_WHAT THE TASK ASKS_
An exact copy of every entry is required, minus the pictures.

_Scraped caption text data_

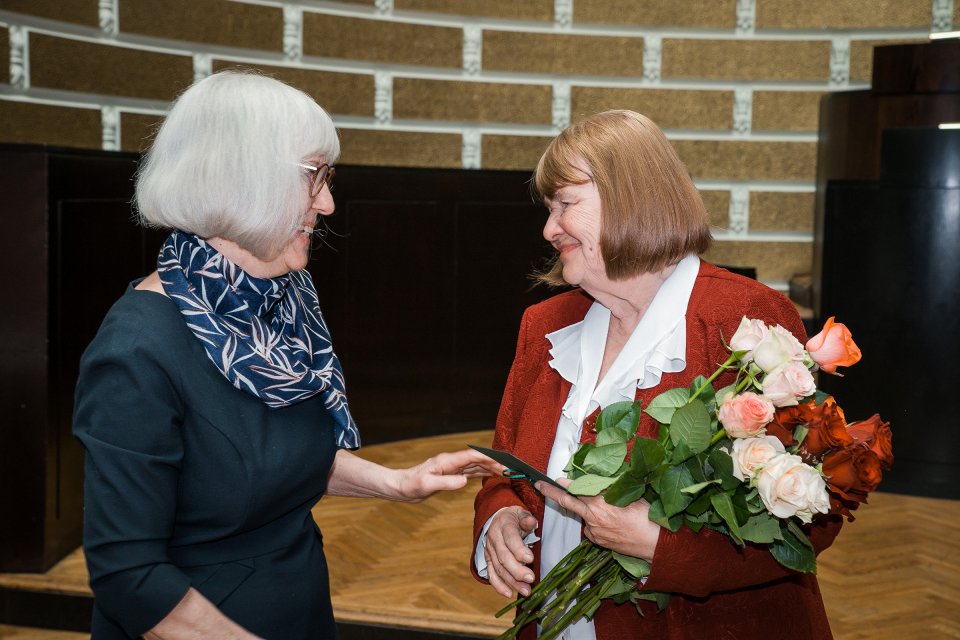 Latvijas Universitātes senioru jubilāru sveikšana. null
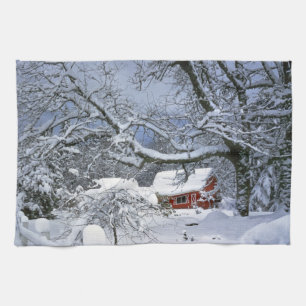 USA, Oregon, Clackamas County. Frischer Schnee Geschirrtuch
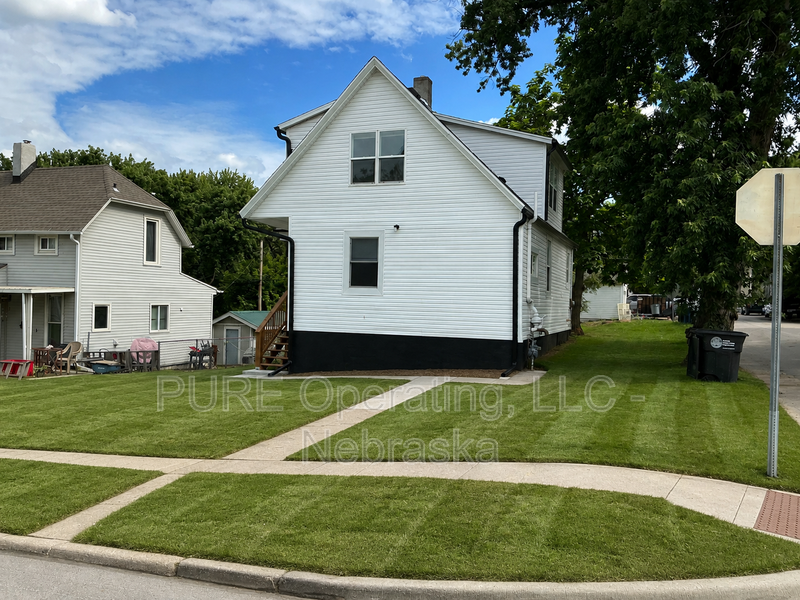 4245 Burdette St - Photo 2 of 20
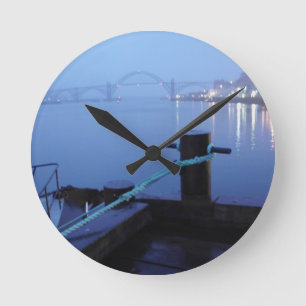 Reloj Redondo Mediano Puente de la noche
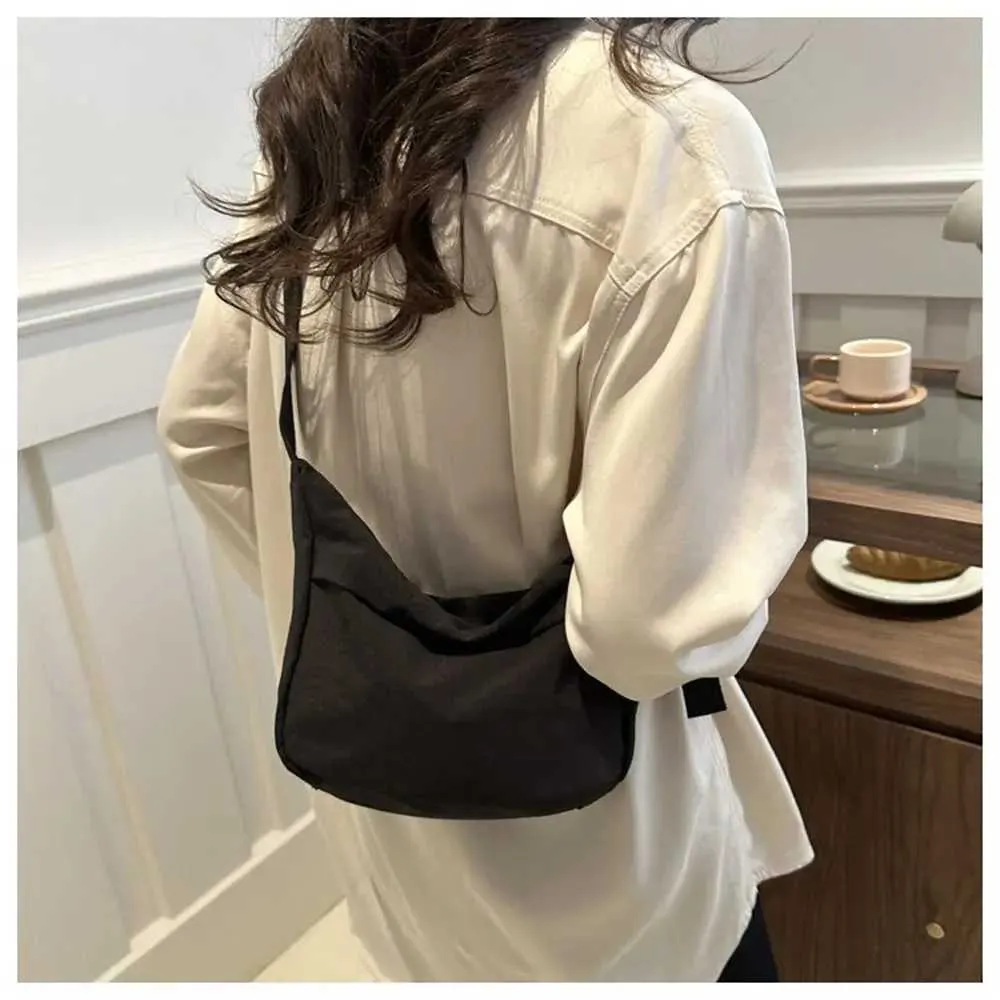 Simple Large Capacity Shoulder Messenger Crossbody Bag For Women_voghion.com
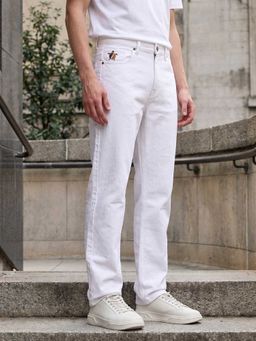 Bene Kleed - Men Ecru Badge Off White Straight Fit Denim Jeans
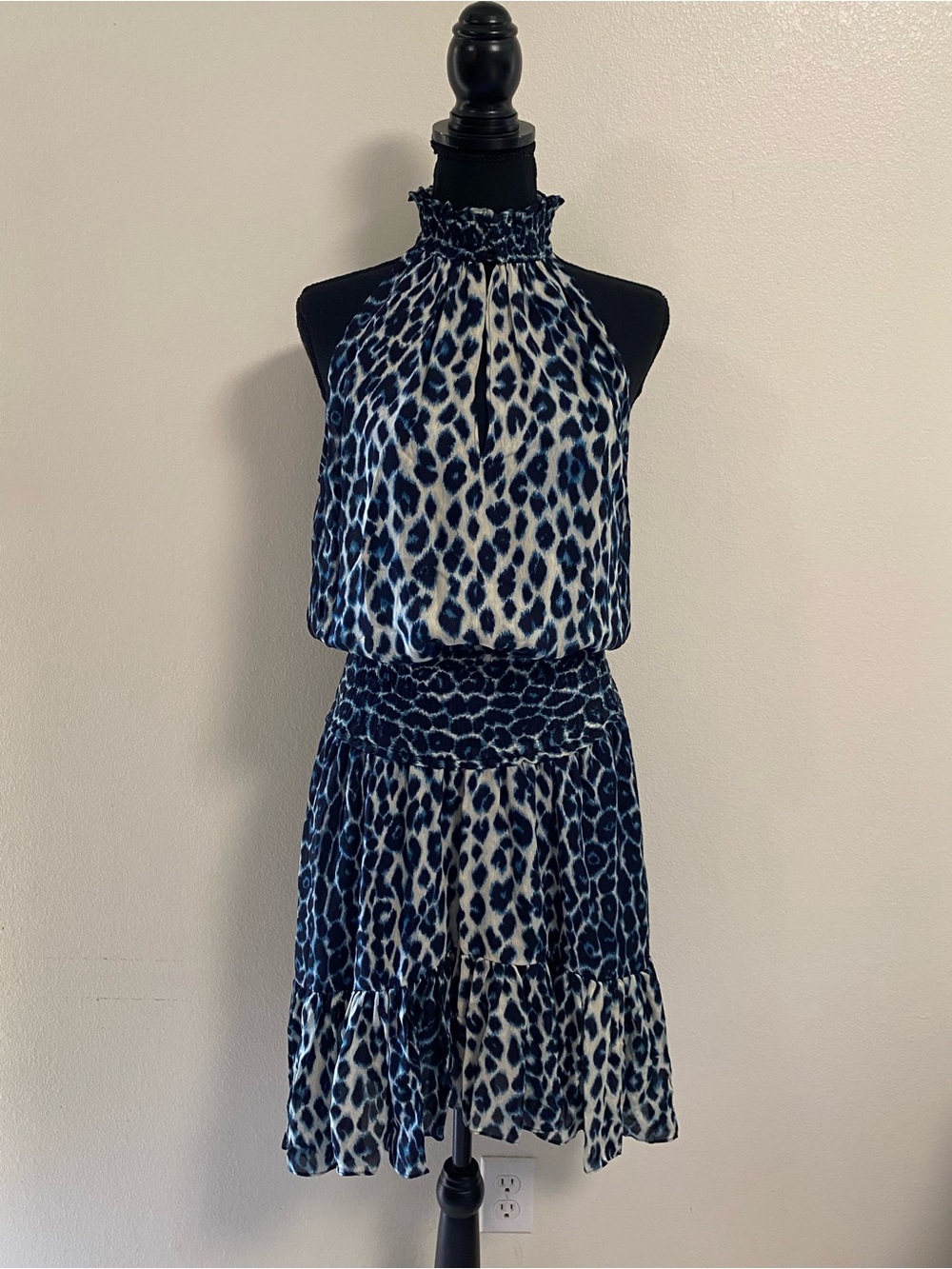 ALC Dress Women’s Size 8 Blue Leopard Print  Silk Halter Top Cody Mini Dress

_YOUR SOLUTION_
 Latvijas Universitātes senioru jubilāru sveikšana. null
 USA, Oregon, Clackamas County. Frischer Schnee Geschirrtuch
 4245 Burdette St - Photo 2 of 20
 Reloj Redondo Mediano Puente de la noche
 Simple Large Capacity Shoulder Messenger Crossbody Bag For Women_voghion.com
 Bene Kleed - Men Ecru Badge Off White Straight Fit Denim Jeans
 ALC Dress Women’s Size 8 Blue Leopard Print  Silk Halter Top Cody Mini Dress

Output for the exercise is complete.